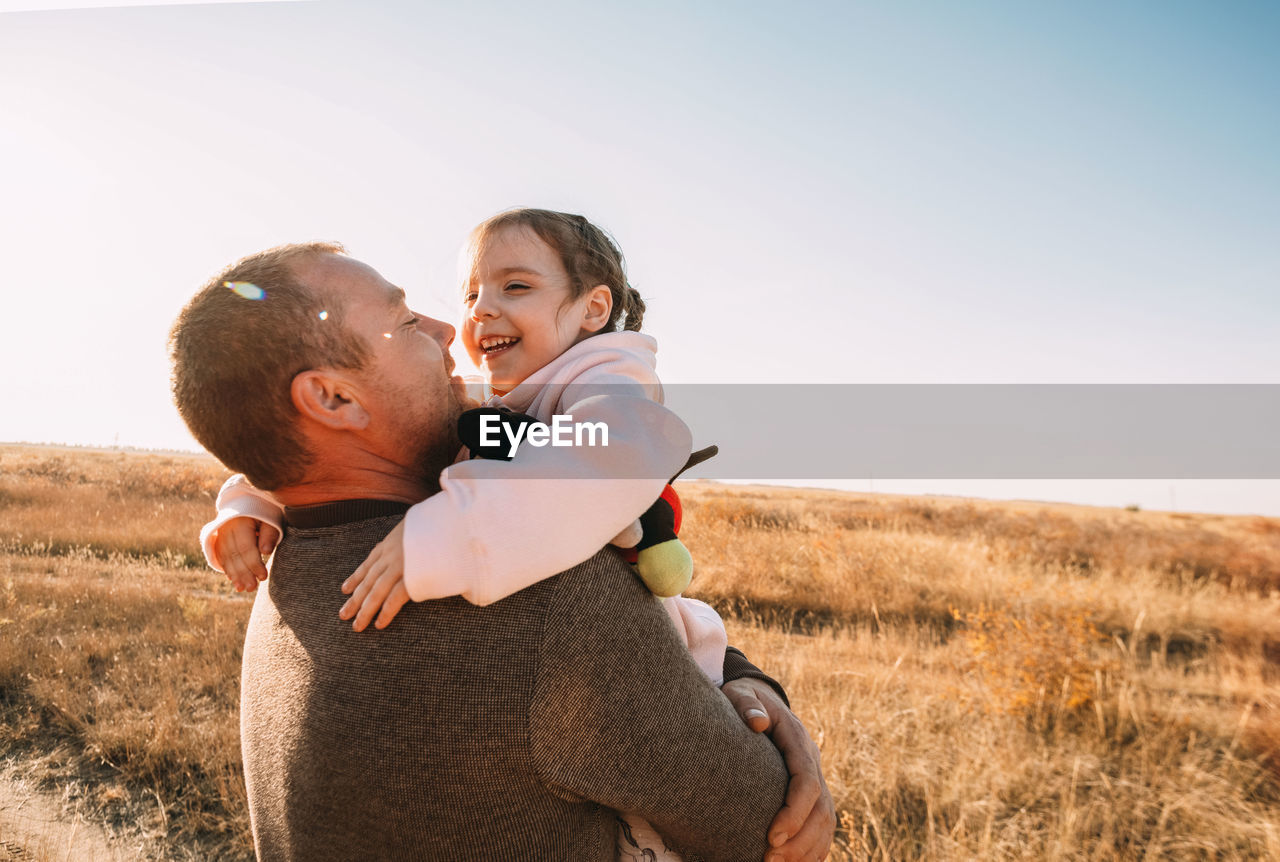 Happy father and child having fun playing outdoors. smiling young dad and daughter 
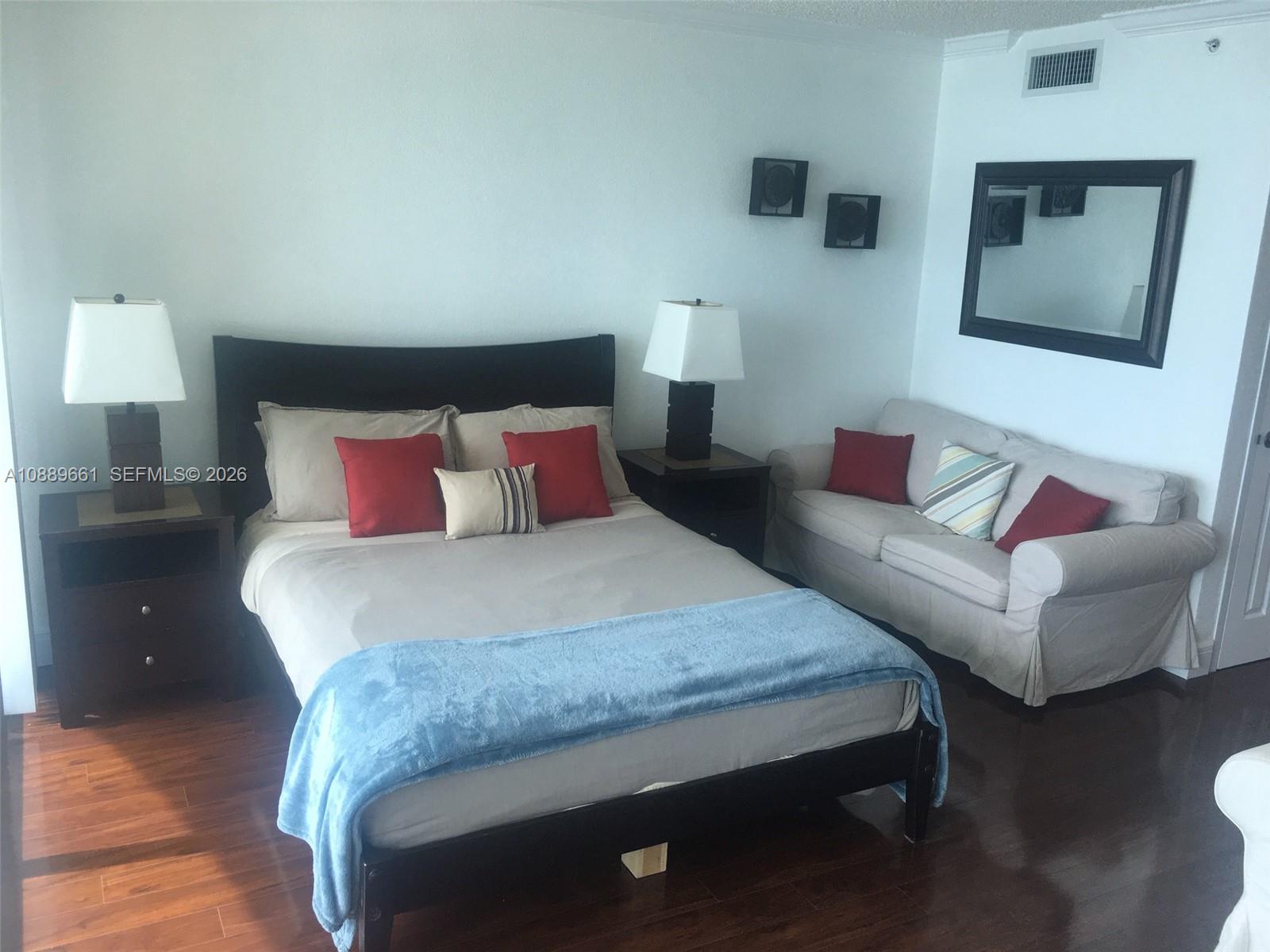 A bedroom features a dark wood bed, two nightstands, a beige sofa, and wood flooring — 2501 S OCEAN DR, Hollywood FL 33019, HOLLYWOOD, FL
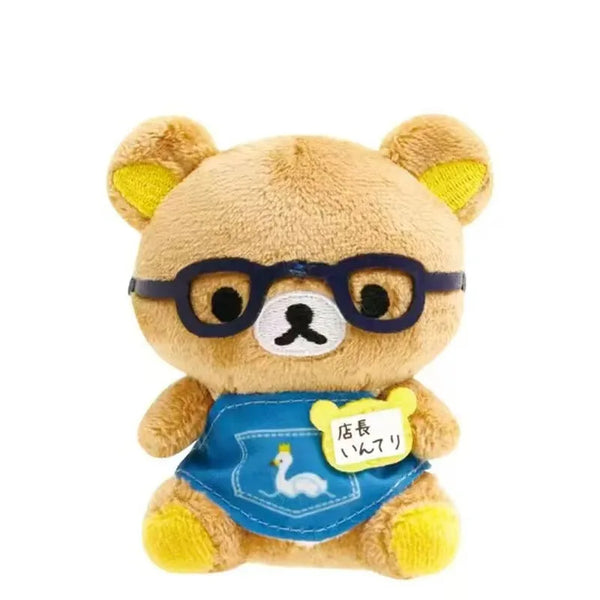 A cute brown bear plush toy with glasses and a blue apron.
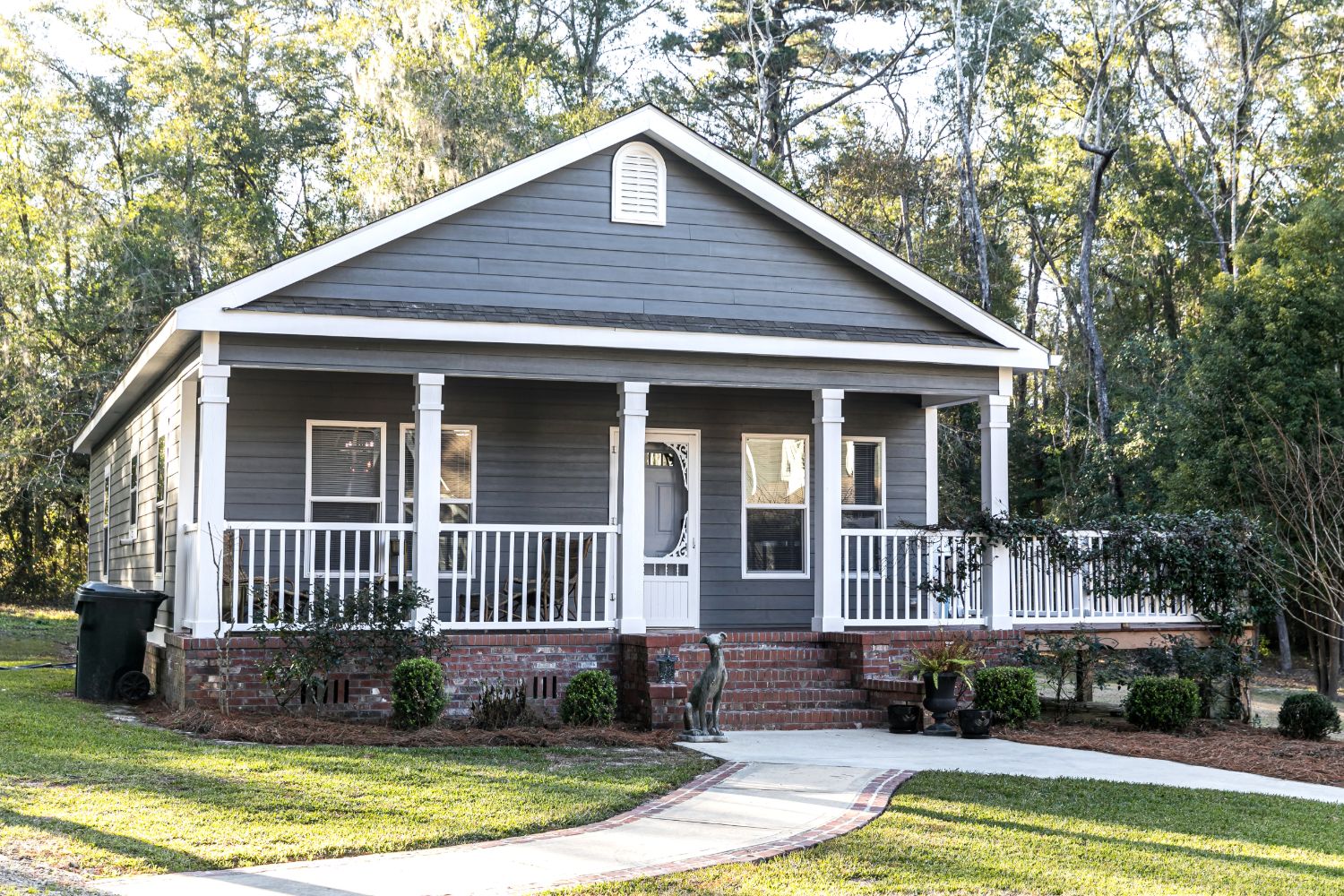 A gray single-story house with a white front porch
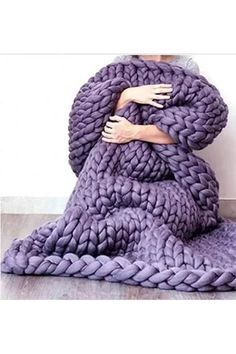 a woman wrapped in a purple blanket with her hands on her chest and arms crossed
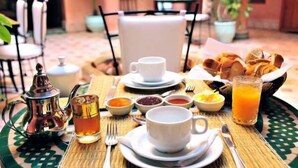 A breakfast setting with a teapot, cups, a glass of orange juice, and a basket of croissants on a table. - Riad BenSaid (Marrakech)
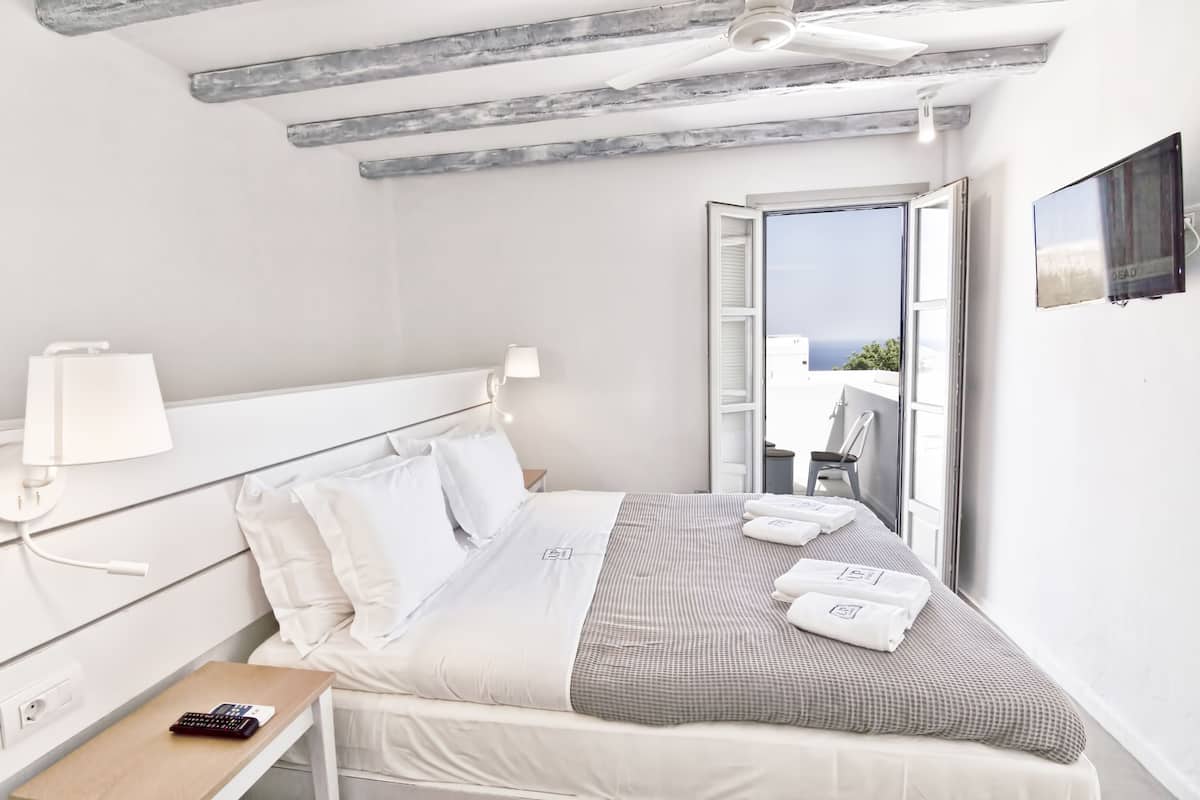 A hotel room with a bed, a nightstand, a lamp, a TV, and a balcony with a view.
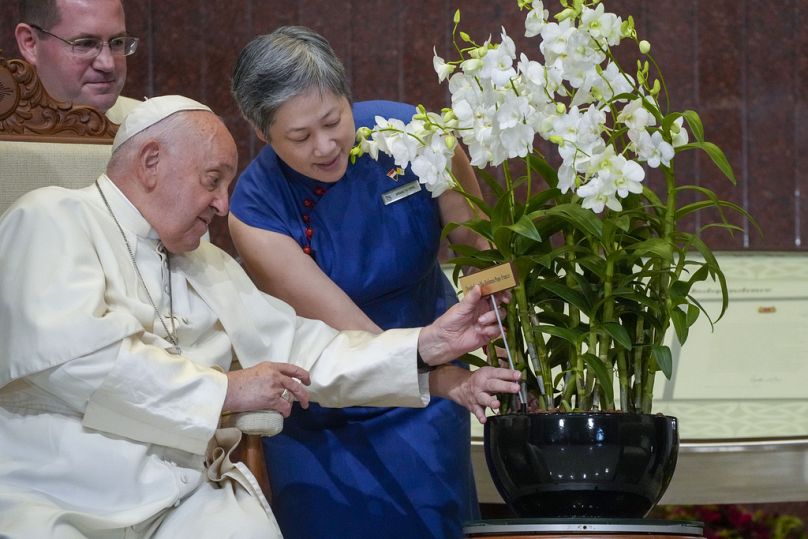 Le pape François avec un « Dendrobium Sa Sainteté le Pape François », une variété d'orchidée spécialement sélectionnée qui porte son nom, au Parlement de Singapour, le jeudi 12 septembre 2024.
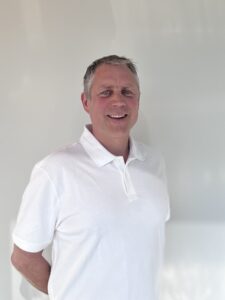 Kvinne i hvit polo-shirt smiler, står innendørs.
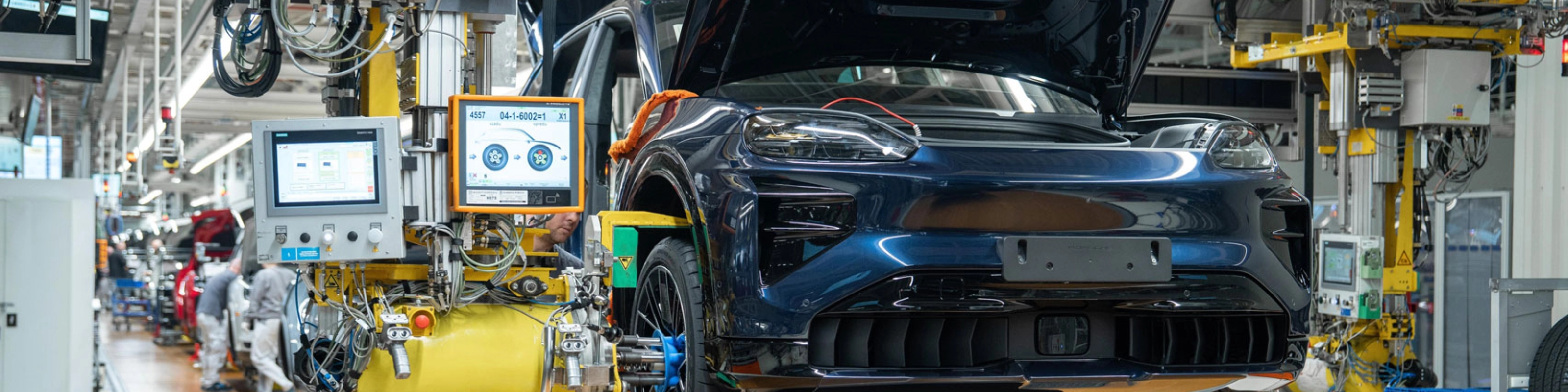 Teilmontiertes Elektroauto auf dem Montageband mit offenem Kofferraum und Maschinen ringsum.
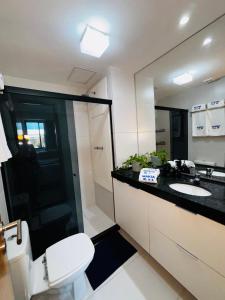 ein Badezimmer mit Toilette, Waschbecken und Spiegel in der Unterkunft Flat Makia Beach Experience Muro Alto Porto de Galinhas in Porto De Galinhas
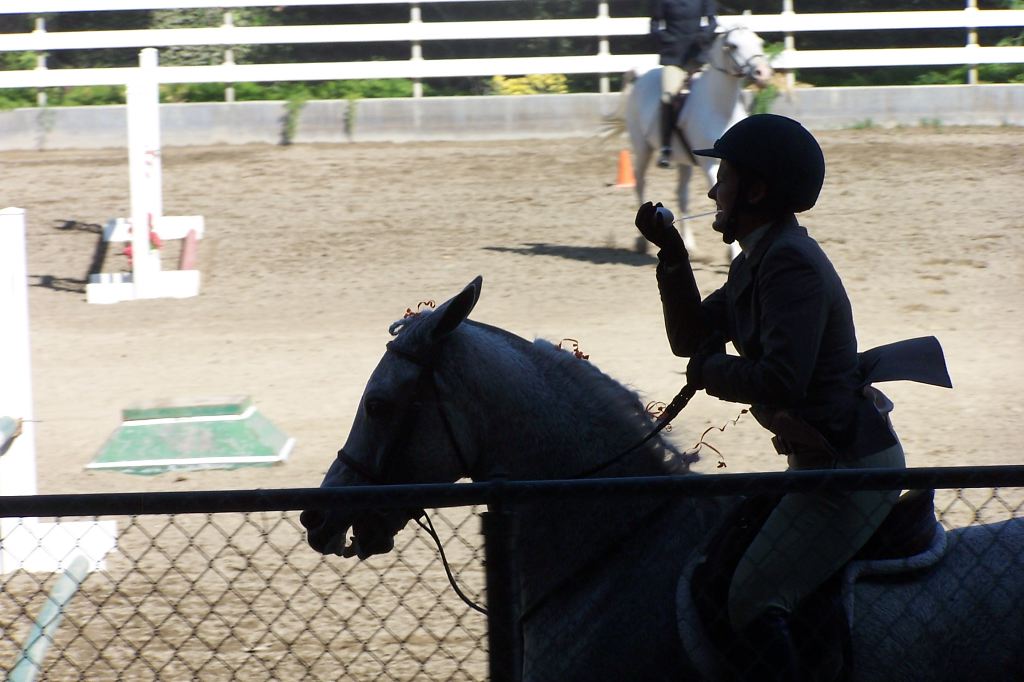 Egg on spoon going in mouth at canter.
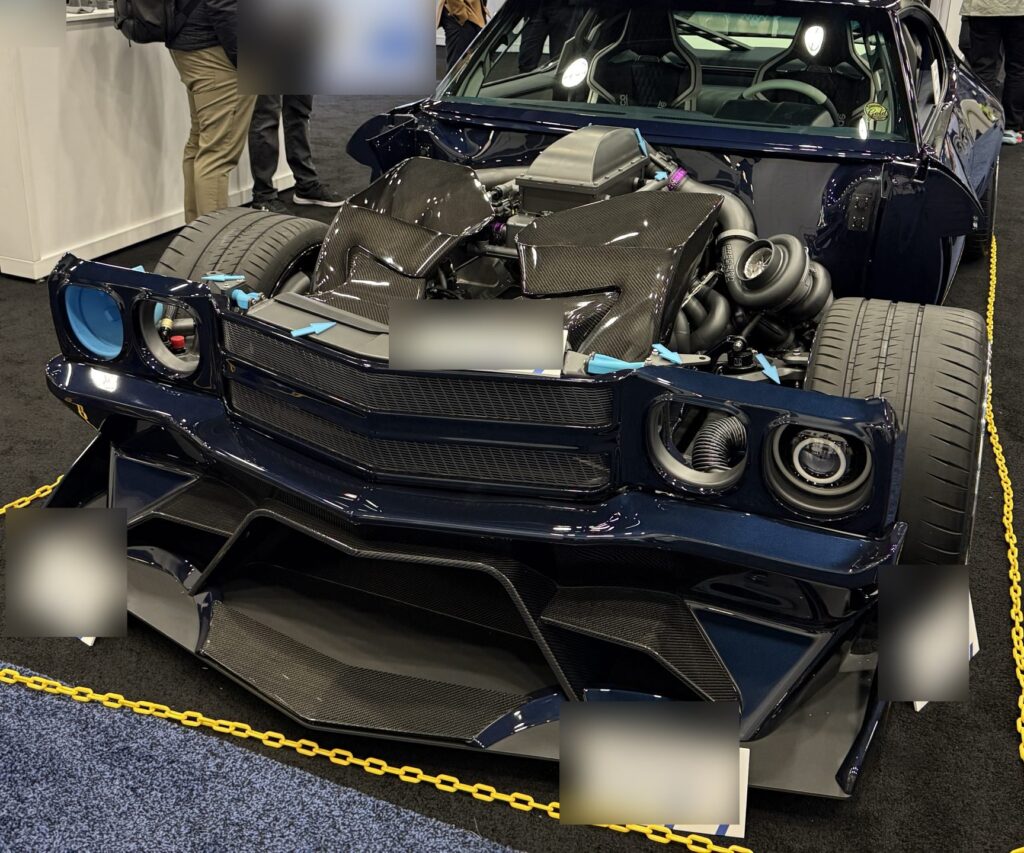 Large-format 3D printed car body parts on display at an industry trade show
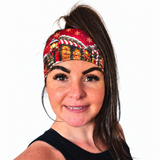Woman with dark hair and a high ponytail wearing a red Christmas festive headband featuring, holiday homes, candy canes and snowy lanterns on a white background
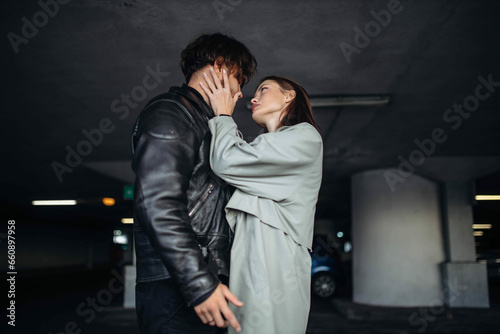 young couple in love hugging on a date in a leather jacket and raincoat in an underground parking lot. Relationship concept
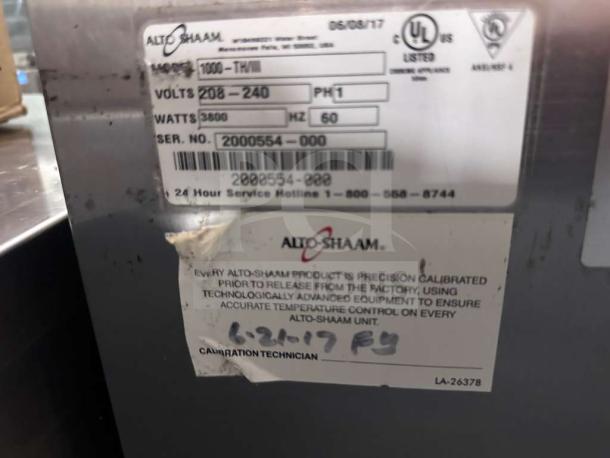 Alt text: Alto-Shaam 1000-TH/II Halo Heat® cook and hold oven label, showing model, voltage, and serial number.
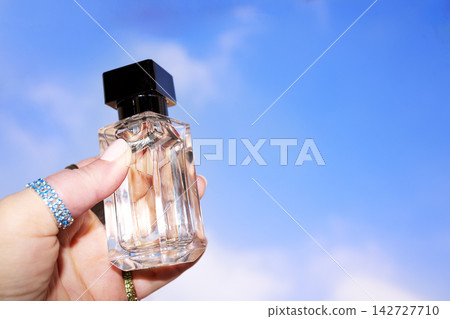 Hand holding a clear glass perfume bottle with a black cap against a bright blue sky, showcasing the elegant design and transparency of the fragrance container Hand holding a clear glass perfume bottle with a black cap against a bright blue sky, showcasing the elegant design and transparency of the fragrance container 142727710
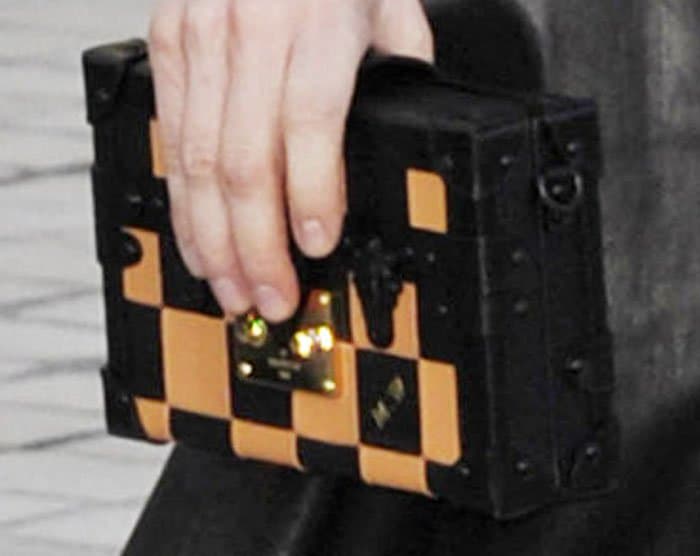 The actress dons one of Louis Vuitton's infamous rectangular clutches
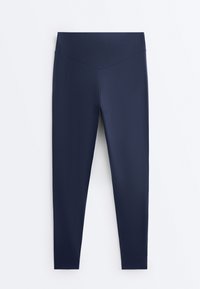 Navy blue high-waisted leggings with a V-shaped seam detail at the waistband, displayed flat on white background.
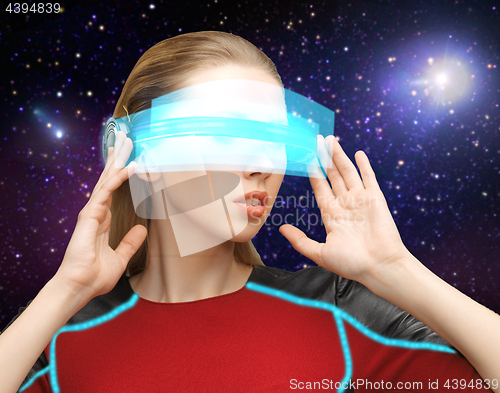 Image of woman in virtual reality glasses over space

Your objective: Leaving all pictures out, output exactly the lines of the material above from the line with "A bedroom features" to the line with "A hotel room", both included.

Written answer:
 A bedroom features a dark wood bed, two nightstands, a beige sofa, and wood flooring — 2501 S OCEAN DR, Hollywood FL 33019, HOLLYWOOD, FL
 A cute brown bear plush toy with glasses and a blue apron.
 A gray single-story house with a white front porch
 a woman wrapped in a purple blanket with her hands on her chest and arms crossed
 A breakfast setting with a teapot, cups, a glass of orange juice, and a basket of croissants on a table. - Riad BenSaid (Marrakech)
 A hotel room with a bed, a nightstand, a lamp, a TV, and a balcony with a view.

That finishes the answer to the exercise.